In the face of the reality that some African leaders rely heavily on these private military providers for their survival, the option to abolish the private security sector is ruled out. Sabelo Gumedze (2007:16) noted that for any effective regulation of the private security sector, must be preceded by research to determine the extent of this sector, the impact of the privatisation of security on vulnerable groups, the advantages and disadvantages associated with the sector, possibilities of partnership between private and public security bodies, the impact of the private security sector on the African security architecture, and the extent of mercenary presence and operations in Africa. This article added the element of how weak states and their rulers invite mercenaries to Africa and how they factor in this sector in their survival tactics and strategies. This is very important because as long as rulers of weak states regard the private security sector as a prop rather than a danger to their power they will not cooperate with efforts to regulate the sector. As long as these customers of the private security sector exist, its proliferation and growth will continue unabated. African leaders need to consider seriously how the existence of weak states constitutes a security issue in Africa, much as Westerners view poverty and underdevelopment in Africa as constituting fertile ground for terrorist recruitment. Countries such as the US and Britain consider the weak or failing African state extremely dangerous to international peace and security. However, African leaders seem unconcerned about weak states as a direct enticement to the entry, proliferation and growth of the private security sector in Africa.

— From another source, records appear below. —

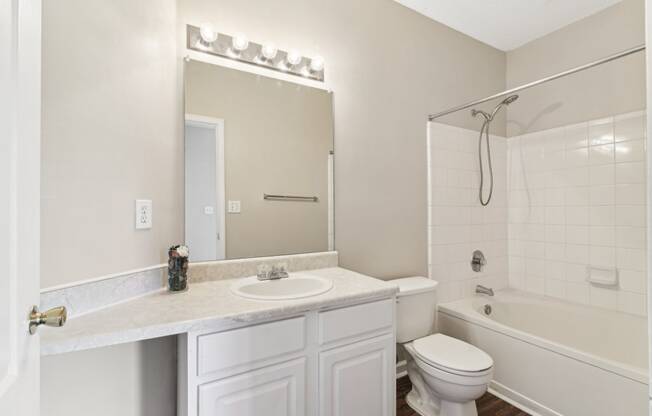 a bathroom with a sink toilet and a shower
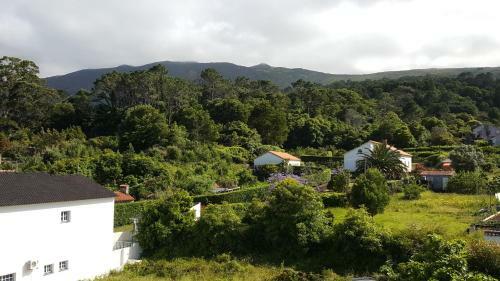Apartamento Casav�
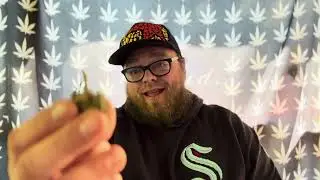 MANGO B0MB FLOWER REVIEW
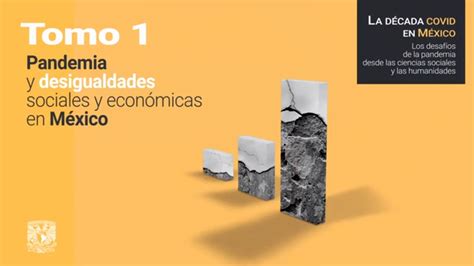 La Pandemia Y Las Desigualdades Sociales Y Económicas En México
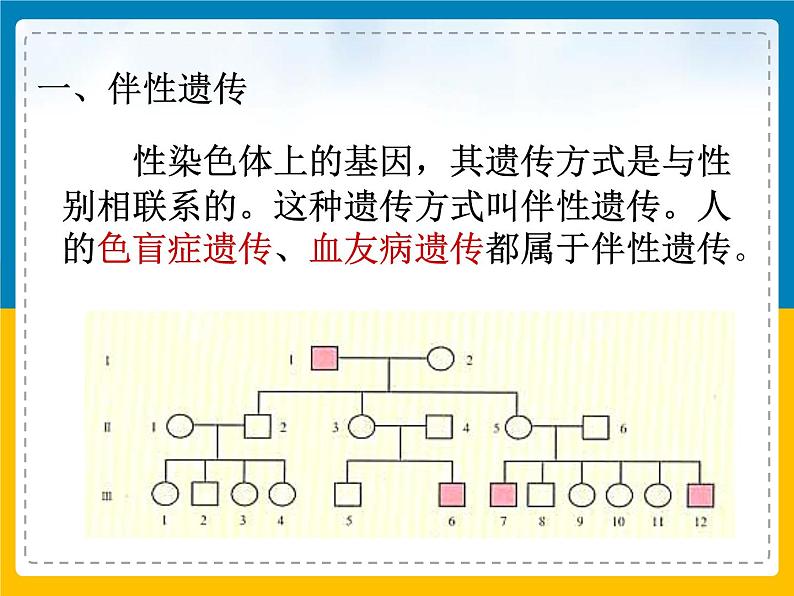 伴性遗传伴性遗传课件PPT06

  1. The Additional Protocol to the Geneva Convention of 12 August 1949 provides an exhaustive definition of a mercenary. Its definition contains six criteria: a mercenary is any person who (a) is specifically recruited locally or abroad to fight in an armed conflict; (b) does, in fact, take direct part in the hostilities; (c) is motivated to take part in the hostilities essentially by desire for private gain and, is promised, by or on behalf of a party to the conflict, material compensation substantially in excess of that promised or paid to combatants of similar ranks and functions in the armed forces of that party; (d) is neither a national of a party to conflict nor a resident of a territory controlled by a party to the conflict; (e) is not a member of the armed forces of a party to the conflict; and (f) has not been sent by a state which is not a party to conflict on official duty as a member of its armed forces.

  2. As Sierra Leone has reconstituted itself and is on the road to recovery from conflict, it has since put in place legislation aimed at regulating the operations of the private security sector.